## Work to complete
From the line with "吮一口忘情奶 (2) 梅开二度 吮一口忘情奶 (2) 梅开二度" to the line with "10 Ways I Can Help My Family - Antill, Sara", output every line below exactly, both ends included. Skip the pictures.

## Information supplied
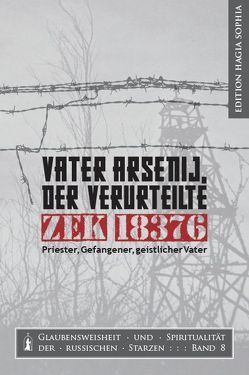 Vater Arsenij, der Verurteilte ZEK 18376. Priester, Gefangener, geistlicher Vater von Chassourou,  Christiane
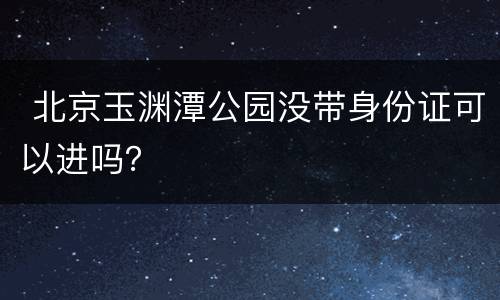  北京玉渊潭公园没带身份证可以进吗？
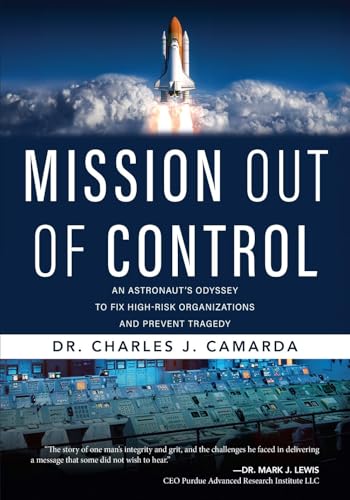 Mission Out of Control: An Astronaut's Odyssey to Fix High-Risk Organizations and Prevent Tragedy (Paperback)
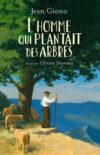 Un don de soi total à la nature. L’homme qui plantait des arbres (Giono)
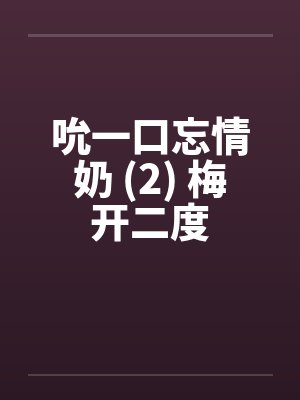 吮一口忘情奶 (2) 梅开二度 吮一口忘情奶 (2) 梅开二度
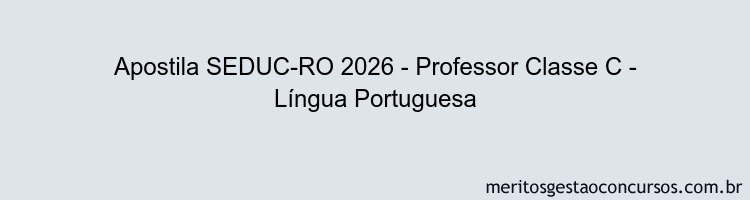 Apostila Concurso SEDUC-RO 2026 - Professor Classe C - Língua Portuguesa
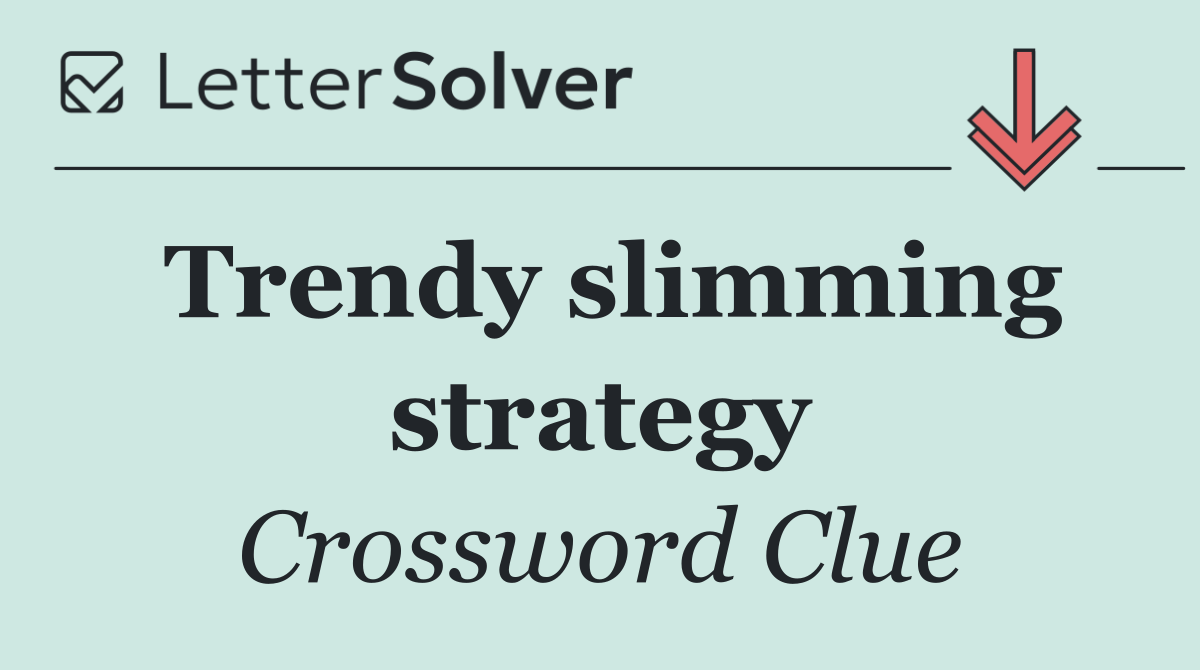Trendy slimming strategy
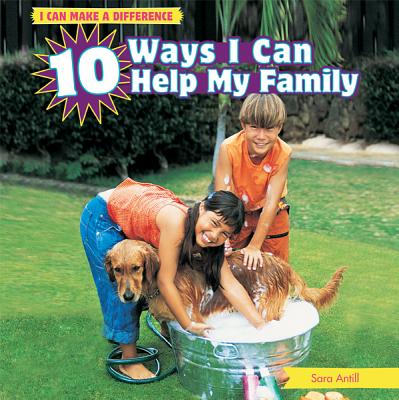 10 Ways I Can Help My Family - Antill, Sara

---

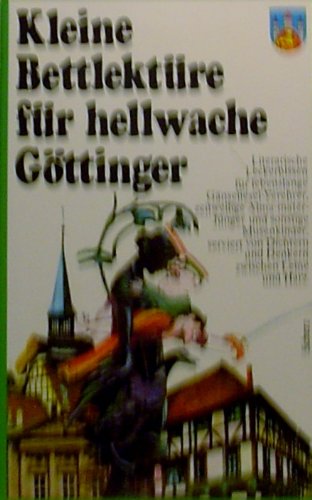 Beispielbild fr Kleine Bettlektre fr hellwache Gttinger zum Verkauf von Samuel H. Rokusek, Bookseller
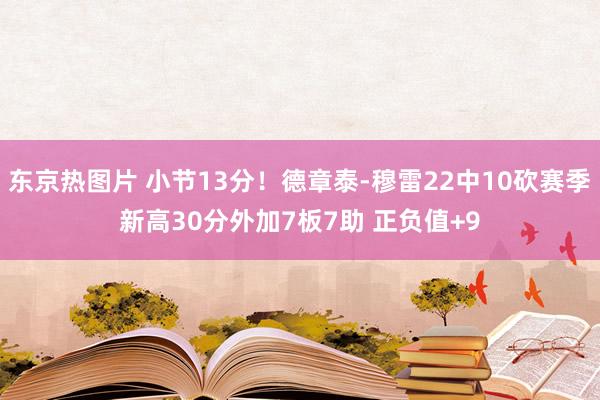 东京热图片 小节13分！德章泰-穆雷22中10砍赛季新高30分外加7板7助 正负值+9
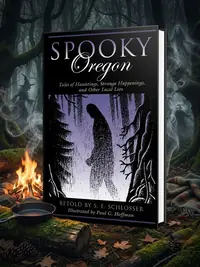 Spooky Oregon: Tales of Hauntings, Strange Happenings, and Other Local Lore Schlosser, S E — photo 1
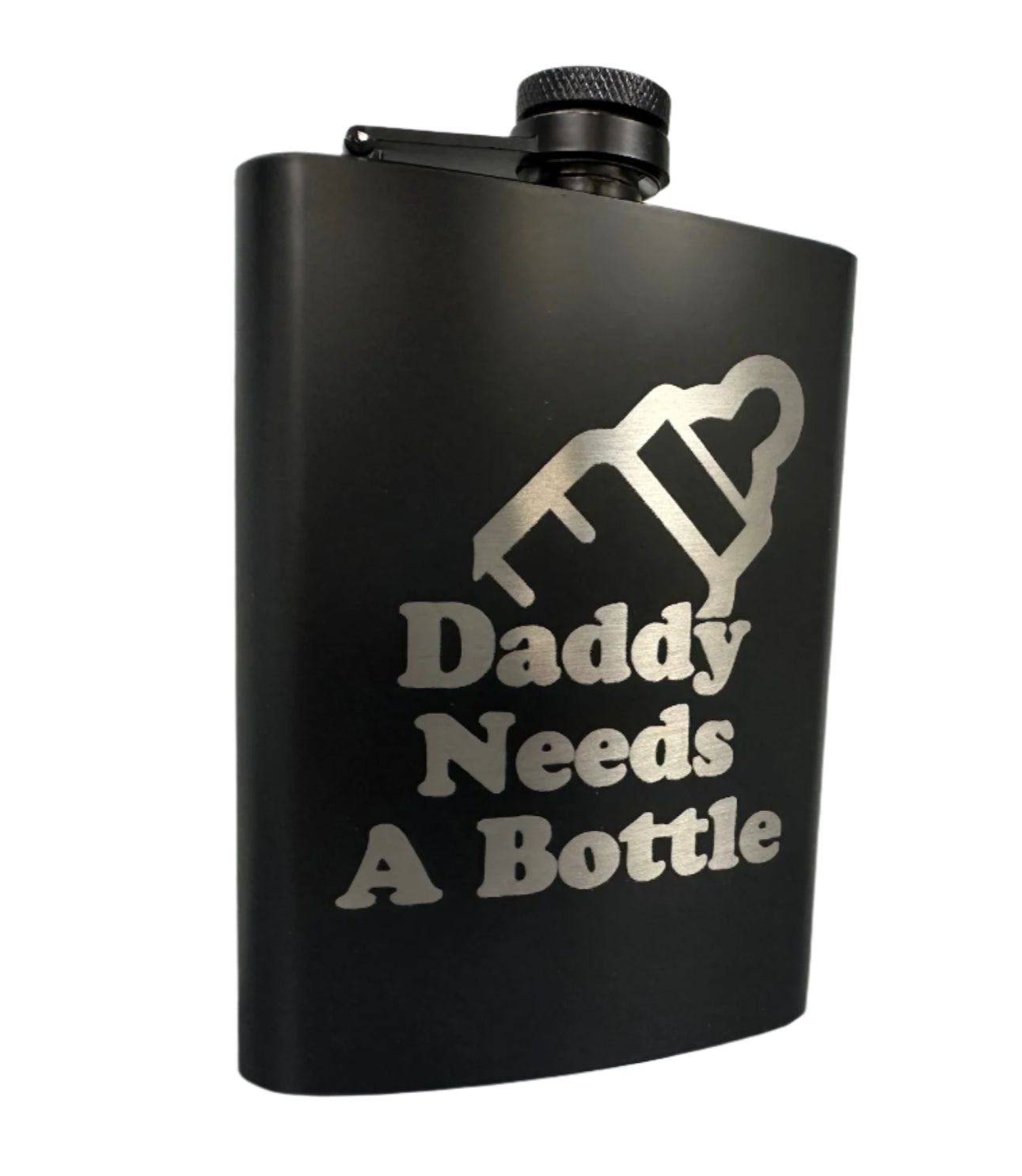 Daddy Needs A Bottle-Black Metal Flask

## Answer to this problem
 吮一口忘情奶 (2) 梅开二度 吮一口忘情奶 (2) 梅开二度
 Apostila Concurso SEDUC-RO 2026 - Professor Classe C - Língua Portuguesa
Trendy slimming strategy
 10 Ways I Can Help My Family - Antill, Sara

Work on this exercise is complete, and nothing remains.